At least that’s what the German quartet expose at their most pungent, where the headspace they occupy is marred by a severe compositional treacle; it’s a comfortable home for the subtle metallics, far-away choirs, and waning strings that reside there, but an exercise in the absurd for the sensations they provoke. Building on a foundation of grindcore and metal, the band continue to evolve their curiosity in mining a grim ambience, which consequently pours through their discovery. They distort the wicked assault of their namesakes, Gore, the pernicious bite of Autopsy, and that sluggish gate of Black Sabbath, slowing the pulse right down so that it’s almost undetectable. By way of the seeping, murky impression that saturates the breadth of Piano Nights, they lure their aesthetic preferences into an almost deathlike state, pumping them softly with a lease of still life.

That warm engulf found permeating the quieted metal or doom jazz qualities of the band’s work has shifted enormously over time. After the Fender Rhodes-heavy Sunset Mission and the guitar-drenched cacophony of their debut, Bohren have sunk into a trademark noir of textures, which evolve across each album to shape their bludgeoning aesthetic. And despite the first impression that Piano Nights yields through its opener, “Im Bahm,” the haunted, ambient waves of “Grave Wisdom” and the immersive, monastic harmonies of “Orgelbut” have all but dissolved. In their place exists a set of influences that appear ambivalent but are unquestionably more refined. Santasangre once asked piano player Morten Gass where else he looked for inspiration: “In a glass of Gin & Tonic,” was his reply. For although there is this interest in navigating the boundaries of extremity, there remains a distinct human element within their latest album that recalls not the fiery pits of the devil’s lair, but the smokiest confides of an underground blues bar.

The evolution of this sound comes from expanding pieces that are initially composed on bass and piano, before they are transformed into fully-formed slabs of gloom. Piano Nights takes its name from a solo performance on grand piano by Christoph Clöser at a venue in Moscow, and it’s also a hat tip to the group’s own structural format when dealing in such atrocious tempo (not to mention their abstinence from free jams or improvisation). The piano is rich and succinct within each of these tracks, a counterpoint to dreary sax and sluggardly percussion while retaining a sense of dominance when cut against distant organs and intrepid keys. This technique is brought out of the shadows on “Irrwege,” where a staggered melody juts around the choral drone and crushing percussion; the piano here is so much bolder than in their previous work, like the abrasions it leaves are part of the song’s skeleton poking through the flesh that encases it.

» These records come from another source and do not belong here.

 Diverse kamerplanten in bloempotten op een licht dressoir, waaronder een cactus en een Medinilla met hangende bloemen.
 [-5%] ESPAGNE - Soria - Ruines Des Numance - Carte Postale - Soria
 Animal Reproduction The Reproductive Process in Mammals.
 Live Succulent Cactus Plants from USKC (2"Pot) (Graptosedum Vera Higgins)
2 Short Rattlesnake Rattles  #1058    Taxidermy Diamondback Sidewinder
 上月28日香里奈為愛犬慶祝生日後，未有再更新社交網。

Piano Nights is a cold reflection of Bohren’s reputation. Where the slowest jazz music sheds its skin from affiliations with metal or sludge and seeks out an overarching force. This is explored in the space between sequences, most noticeably on the album closer “Komm zuruck zu mir,” which is so graceful in its depiction of the band’s mood it might well constitute the finest Bohren recording to date. It instantly taps into that atmosphere while pulling on an incredible range of instrumentation and pressure that burrows into its audience — a meditative inclination almost grabs hold of you by way of the music, as delicately strummed guitar strings echo and fade before the saxophone peeks to disclose a sauntering epic.

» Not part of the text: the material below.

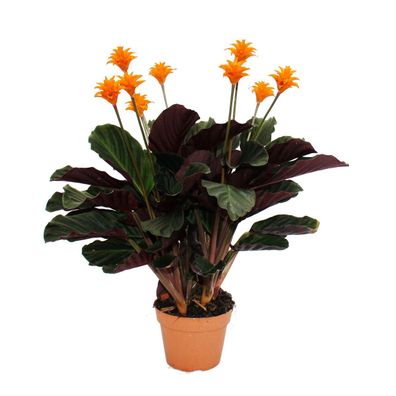 Schattenpflanze mit leuchtenden Blüten - Calathea crocata - 14cm Topf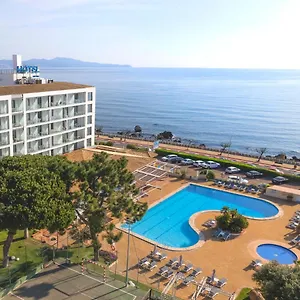 book here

By extending Bohren’s rehearsed method as well as refining it, Piano Nights heaves its audience into the darkest canals of the group’s mystique, where the stylistic tropes are familiar but the forms they assume are not. Of course, the band’s persistence is what makes this music “challenging,” as opposed to the compositional structures that shape them, but on Piano Nights, those idiosyncrasies are pressed through a grotto of layered instrumentation that reveals an essential addition to the Bohren canon. This is the reason they continue to creep forward, exposing every dimension of their desperate, beautiful sound.